Was raten Sie Menschen, die an Rheuma leiden?

Jeden Morgen einen Löffel Leinöl zum Frühstück. Oder Leinsamen in den Joghurt, aber er muss gequetscht sein oder die Körner müssen aufgebrochen sein, sonst bringt es nichts. Eine Molkerei hat mit unserer Unterstützung einen Joghurt auf den Markt gebracht, der mit Omega-3-Fettsäuren angereichert ist, den Omeghurt.
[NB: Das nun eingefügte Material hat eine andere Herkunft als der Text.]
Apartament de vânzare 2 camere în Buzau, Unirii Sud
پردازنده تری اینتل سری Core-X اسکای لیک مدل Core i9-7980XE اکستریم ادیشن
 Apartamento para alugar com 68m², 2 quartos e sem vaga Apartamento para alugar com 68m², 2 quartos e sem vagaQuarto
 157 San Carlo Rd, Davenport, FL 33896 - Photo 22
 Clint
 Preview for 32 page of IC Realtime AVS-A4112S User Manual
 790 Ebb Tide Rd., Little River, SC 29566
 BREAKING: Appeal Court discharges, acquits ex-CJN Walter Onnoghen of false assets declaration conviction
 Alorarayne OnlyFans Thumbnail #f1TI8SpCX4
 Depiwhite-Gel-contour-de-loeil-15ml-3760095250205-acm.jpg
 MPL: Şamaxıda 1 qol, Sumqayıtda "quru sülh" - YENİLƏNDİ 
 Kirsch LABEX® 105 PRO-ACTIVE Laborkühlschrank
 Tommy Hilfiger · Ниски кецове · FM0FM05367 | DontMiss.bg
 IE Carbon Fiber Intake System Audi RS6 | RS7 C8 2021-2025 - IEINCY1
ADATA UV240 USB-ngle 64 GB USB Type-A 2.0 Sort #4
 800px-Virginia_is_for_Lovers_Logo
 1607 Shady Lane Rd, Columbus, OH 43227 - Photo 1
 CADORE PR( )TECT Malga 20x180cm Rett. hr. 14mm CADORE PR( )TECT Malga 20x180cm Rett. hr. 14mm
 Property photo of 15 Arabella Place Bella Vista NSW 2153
Wer an Rheuma leidet, sollte möglichst langkettige Omega-3-Fettsäuren zu sich nehmen, und zwar aus drei Gründen: Sie vermindern das Entzündungsgeschehen; denn aus den Omega-3-Fettsäuren können die entzündungshemmenden Fetthormone gebildet werden. Zudem erweitern sie die Blutgefäße und verringern damit das Thromboserisiko. Und sie senken die Blutfettwerte. All dies wirkt sich positiv auf die Lebensqualität von Rheumatikern aus.

Was empfehlen Sie Gesunden?

Auch sie sollten darauf achten, welche Fette und Öle sie zu sich nehmen. Es ist nicht damit getan, möglichst viele ungesättigte Fettsäuren zu essen – es könnten leicht die falschen sein. Wer nur Sonnenblumen- oder Distelöl verwendet, nimmt zu viele Omega-6-Fettsäuren auf. Das kann auf Dauer sogar Entzündungen fördern. Leinöl, Rapsöl, aber auch Olivenöl sind allemal gesünder, wirken entzündungshemmend und mindern deshalb das Risiko für Arteriosklerose und weitere Erkrankungen.